I met him on October 20, 2016, only two months before he would turn 18 years old, as his birthday is on January 1st. In Belgium, unaccompanied minors can ask for a family reunification until they turn 18 years old. Once someone is 18 or older, a family reunification is no longer possible. So we had a lot of pressure, because there was not much time left. Luckily, I could fix an appointment at the Belgian embassy in Beirut, Lebanon on the December 23, 2016. Two days later, all the appointments before the January 1, 2017 deadline were already reserved.

His family was still in Deir-ez-Zor, Syria. In that period, ISIS was prohibiting people from leaving the city. The family had to pay 6000 euros (about $7500) to a smuggler to get them out of the city. Yones, Hamza’s 16-year-old brother, attempted on his own but was caught by ISIS and put in prison on December 4th. We were very worried that he would not be released before the day of the appointment at the Belgian embassy. Luckily, on December 13th, I received the news that Yones was again with his family and that they all succeeded in the attempt to leave the city. It had been very dangerous, but it ended well. Now they had to travel via Aleppo to Damascus, which was a big detour, but it was the only possible way to get to Beirut. In Damascus, his mother had to collect all the Syrian documents needed for their application. This was very difficult and expensive because they were originally from Deir-Ez-Zor. On the 23rd of December the family went to the embassy in Beirut.
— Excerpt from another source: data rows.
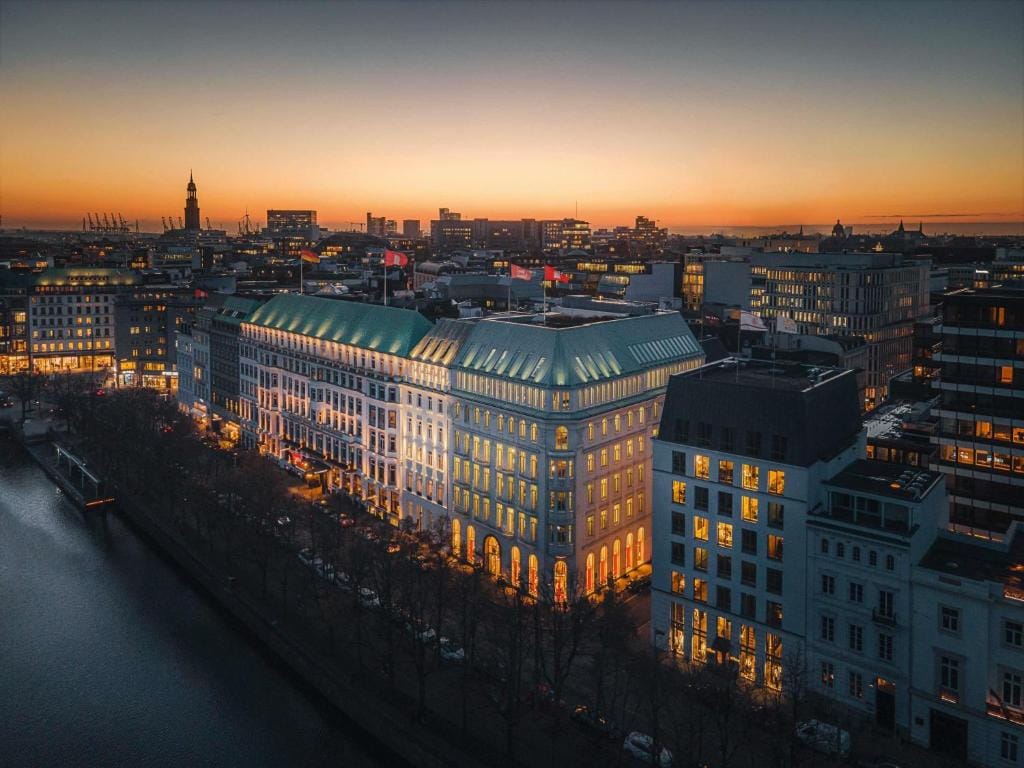 Fairmont Hotel Vier Jahreszeiten — 1
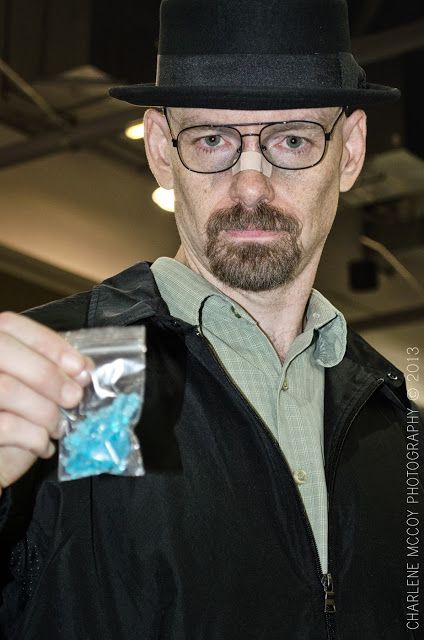 Breaking Bad Walter White Cosplay, Walter White Outfit, Walter White Halloween Costume, Walter White Costume, Breaking Bad Costume, Bad Cosplay, Unique Cosplay, Halloween Costume Design, Awesome Cosplay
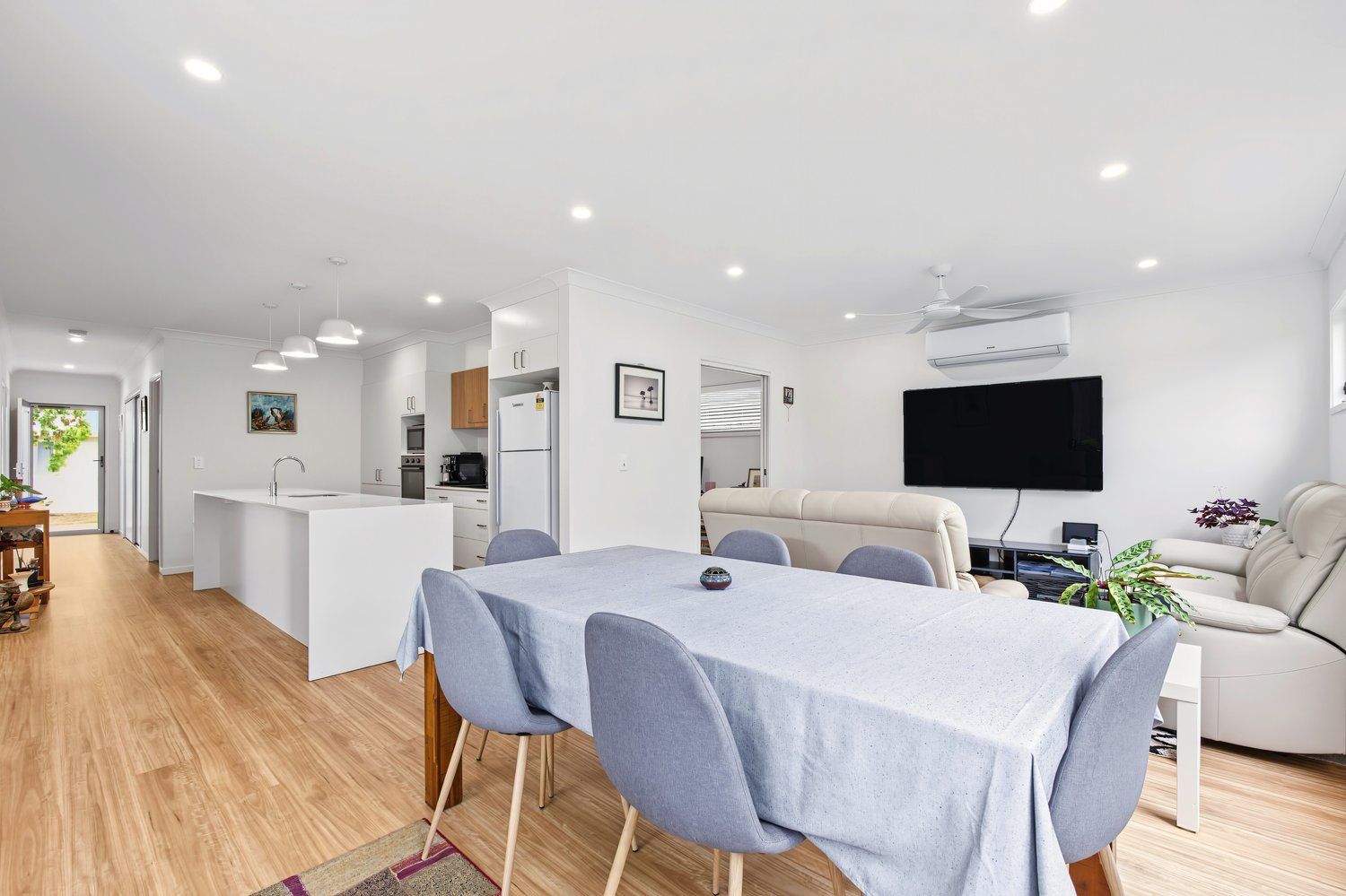Modern Style, Prime Position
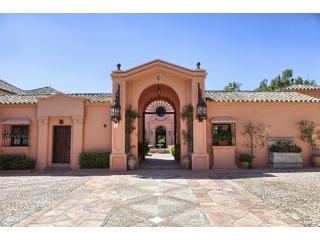 HM4O2832 - Villa For sale in Guadalmina..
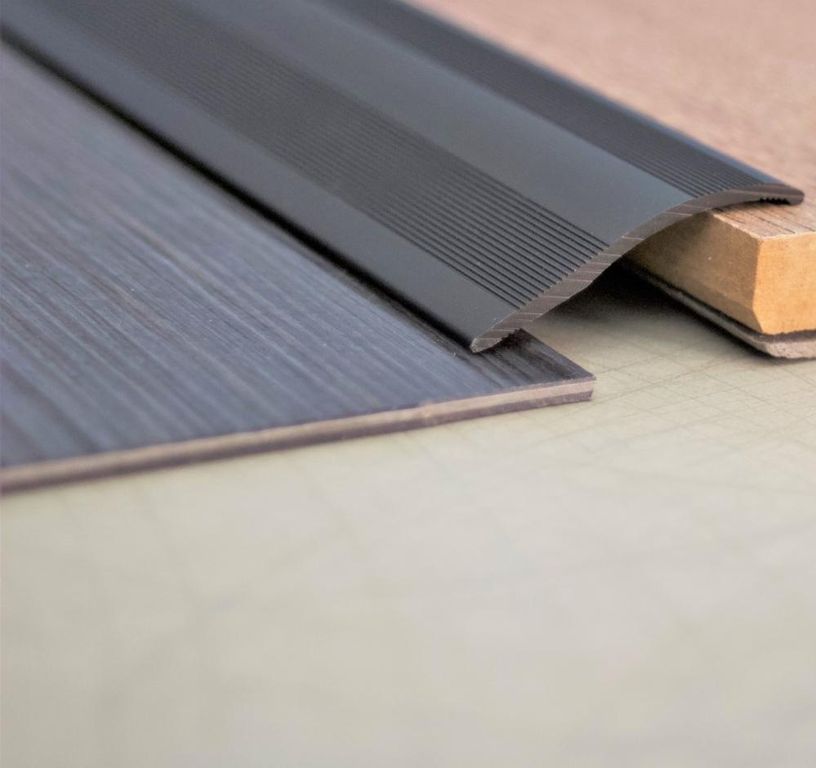 Barre de seuil SEUIL ADHESIF 8420 , aluminium, décor noir, l.4.00 x L. 270.00 cm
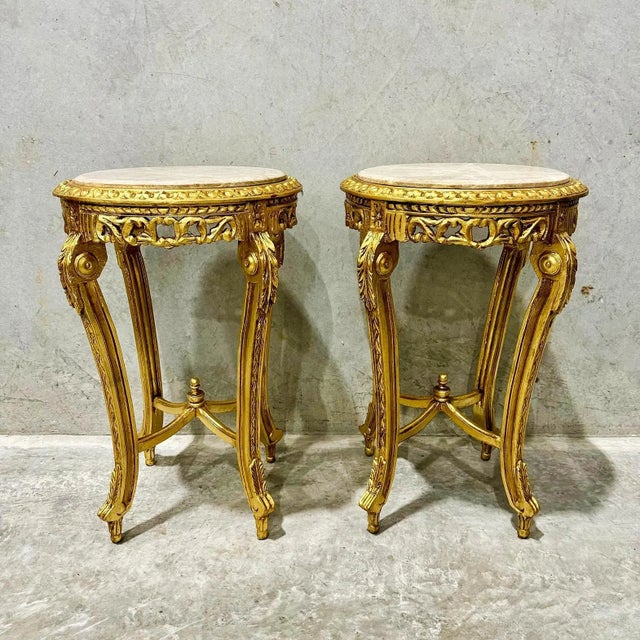 2020s French Style Nesting Side Tables – Set of 2 With Beige Finish, Marble Tops & Gold Leaf Details For Sale - Image 5 of 6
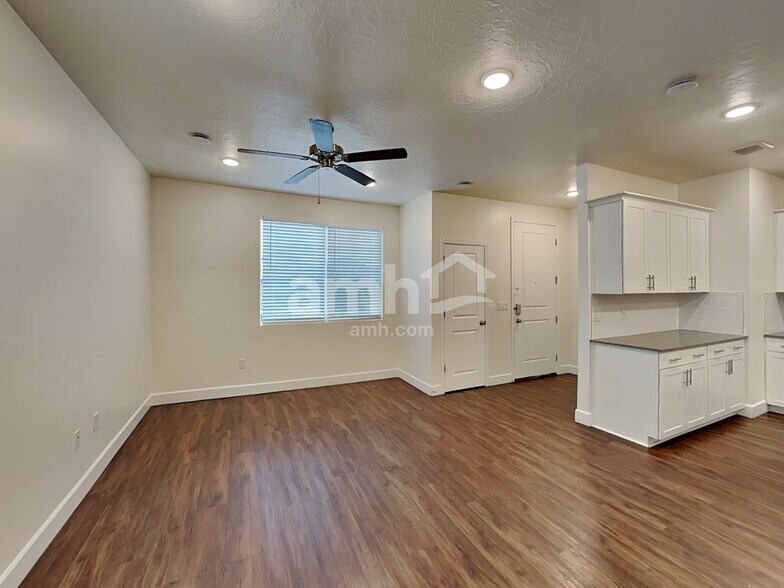 Building Photo - 1278 Vlg Grn Trl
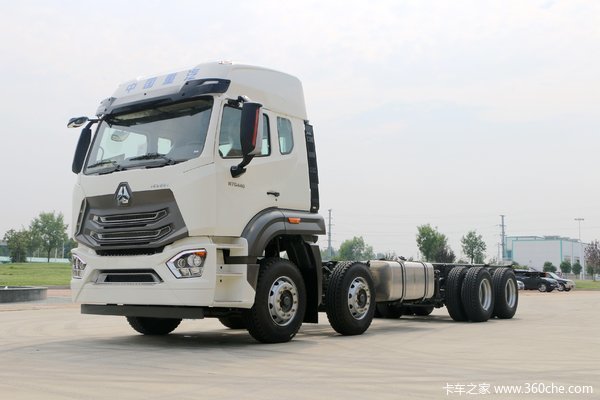 中国重汽 豪瀚N7G重卡 440马力 8X4载货车底盘(ZZ1325V4666E1K)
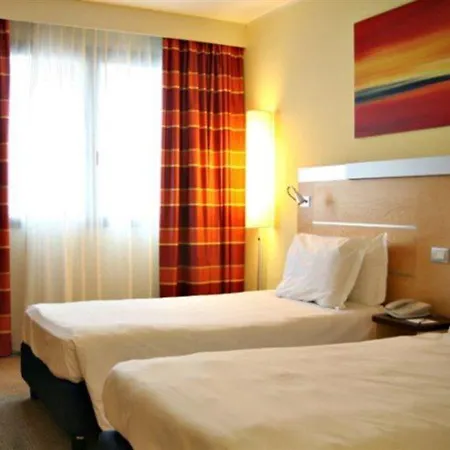 Western Palace Ferrare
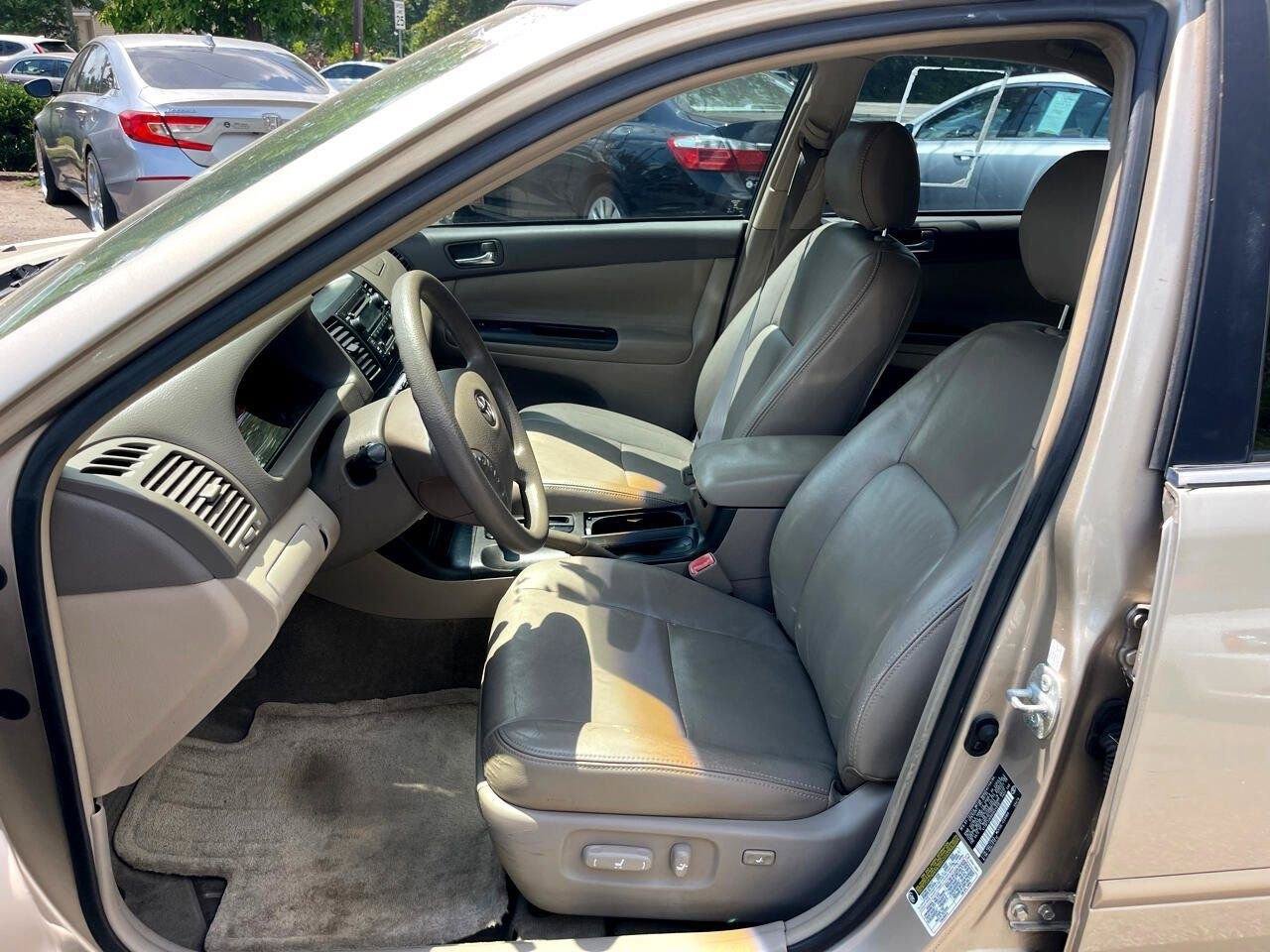 Used 2006 Toyota Camry LE FWD image 9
Unfortunately, his mother did not have all of the required documents and the embassy would not accept their visa applications. They were sent home. I contacted the consul and miraculously, he gave them a new appointment for the 30th of December. This was our last chance… On the 28th of December, Hamza’s family tried to pass the border from Syria to Lebanon. Again, there were problems: the border control told the mother she needed another document because her husband had passed away. She had to go back to Damascus for one stamp. Eventually, on the evening of December 29th they arrived in Beirut. But they were too late to legalize all of their documents. The consul agreed to accept their files without all the Syrian documents, and at a later moment they could come back to introduce all of the legalized copies. I have never been so relieved. 

Now the family went back to Syria, where they had to wait for the Belgian government’s decision. They went to Aleppo, where they had to live on the streets, in a car. After some time they went to Damascus and lived in a kind of cheap hotel.

On the 20th of November 2017, after they needed to give some extra documents in July, they finally received a positive response from the Belgian government. Because they were totally out of money at this point, I asked Miles4Migrants for help. Hamza wanted his family in Belgium as soon as possible, safe and far from this terrible war.  They were finally reunited in Belgium at the end of January!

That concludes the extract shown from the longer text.